AIM OF THE EXERCISE: Transcribe every entry word for word, but skip the images.

DATA RECORDS:

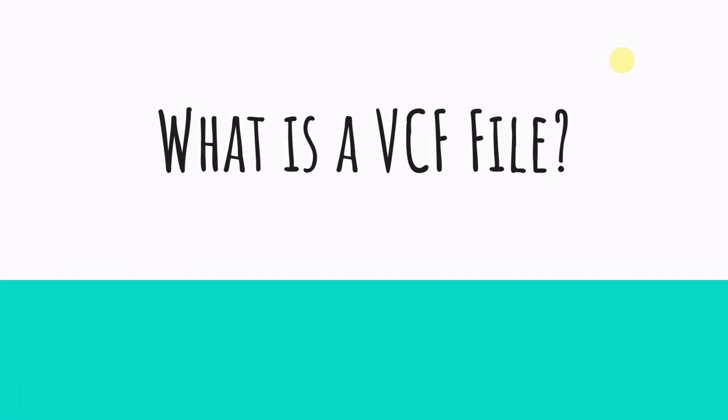Welcome everyone to another episode of Bioinformatics 101. I'm Pat your host and today we're talking about VCF files and what they are.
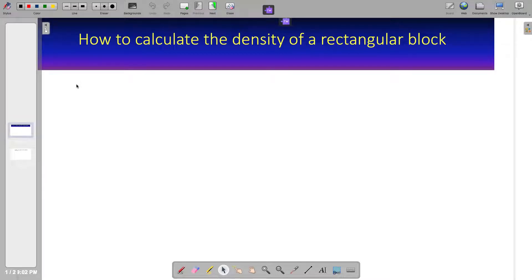Welcome to Master Concepts in Chemistry. In this video, we will learn how to calculate the density of a rectangular block. Let's go ahead and read the problem.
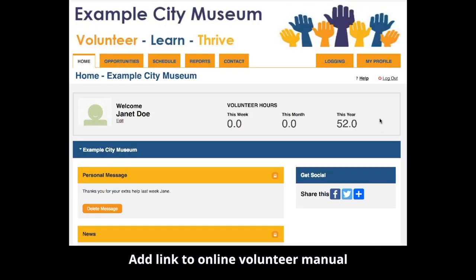In addition to the help files that we have created, you can add a link here to anything that you create elsewhere, such as an online volunteer manual.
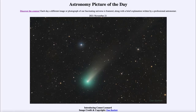Greetings and welcome to the introduction to astronomy. One of the things that I like to do in each of my introductory astronomy classes is to begin the class with the Astronomy Picture of the Day from the NASA website, that is apod.nasa.gov/apod. And today's picture is for November 21st of 2021.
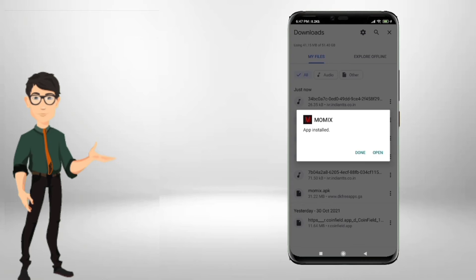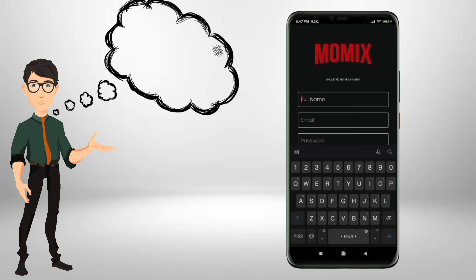Now open Momix app and register yourself to get access.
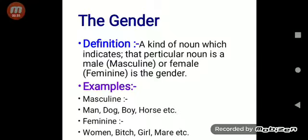Man, dog, boy, horse, etc. are the examples of masculine gender. Woman, bitch, girl, etc. are the examples of feminine gender.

EXERCISE OUTPUT:
Welcome everyone to another episode of Bioinformatics 101. I'm Pat your host and today we're talking about VCF files and what they are.
Welcome to Master Concepts in Chemistry. In this video, we will learn how to calculate the density of a rectangular block. Let's go ahead and read the problem.
In addition to the help files that we have created, you can add a link here to anything that you create elsewhere, such as an online volunteer manual.
Greetings and welcome to the introduction to astronomy. One of the things that I like to do in each of my introductory astronomy classes is to begin the class with the Astronomy Picture of the Day from the NASA website, that is apod.nasa.gov/apod. And today's picture is for November 21st of 2021.
Now open Momix app and register yourself to get access.
Man, dog, boy, horse, etc. are the examples of masculine gender. Woman, bitch, girl, etc. are the examples of feminine gender.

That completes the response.